Turnbull v. Brown

MR. CHIEF JUSTICE ADAIR,

(specially concurring).

On January 12, 1952, the trial judge caused to be filed in the office of the clerk of the trial court, a writing comprising some six typewritten pages indicating the judge’s findings as to the facts and his conclusions as to the law.

While the writing is labeled “Order” yet it serves as the trial court’s findings and conclusions, R. C. M. 1947, secs. 93-5302 and 93-5303, to which exceptions may be taken and filed. See R. C. M. 1947, secs. 93-5305, 93-5306 and 93-5307.
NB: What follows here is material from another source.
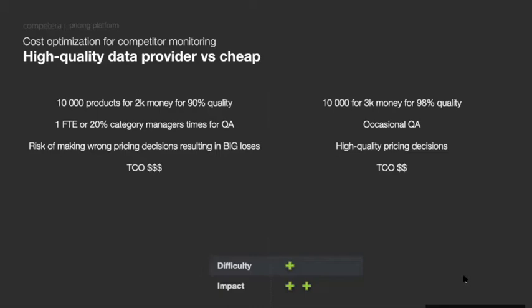On the other hand, paying $3,000 for 98% quality data means you can rely on occasional quality assurance rather than daily verification. Your category managers can focus on creative work instead of data-checking. The total cost of ownership is actually lower because you avoid hidden costs and can make better pricing decisions. Our hint: evaluate what quality assurance you need and whether paying for premium quality is worth it.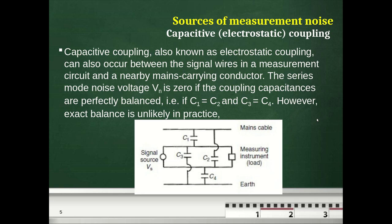Capacitive or electrostatic coupling occurs when two conductors have a dielectric between them, forming a capacitance and storing charge. If C1 equals C2 or C3 equals C4 in the circuit, there is balance and no noise — VN equals zero. However, this is not the case in real life; there is always some coupling capacitance.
The concluding paragraph of the so-called “order” reads: “The plaintiffs and plaintiffs in intervention may have ten (10) days within which time to file herein exceptions hereto.” But for such quoted paragraph but five days, as prescribed by R. C. M. 1947, sec. 93-5307, would have been allowed for the serving and filing of exceptions to the court’s findings and conclusions.

Without serving or filing any exceptions or waiting for the ten days so allowed by the trial court to expire, the plaintiffs on January 19, 1952, and in advance of the entry of any final order or judgment, served and filed notice of appeal from the so-called “order” filed seven days previous.

There has been no final judgment or order entered in this cause. The findings of fact and conclusions of law so filed on January 12, 1952, cannot take the place of a final order or judgment, so as to make the proceedings leading thereto reviewable in advance of the making and entry of such final order or judgment. See Conway v. Fabian, 108 Mont. 287, at pages 302, 303, 89 Pac. (2d) 1022; Woodward v. Perkins, 119 Mont. 11, at pages 14, 15, 171 Pac. (2d) 997; Diebold v. Diebold, 74 Colo. 557, 558, 223 Pac. 46, 47.

For these reasons and upon authority of the statutes and cases above cited I concur in the result ordered.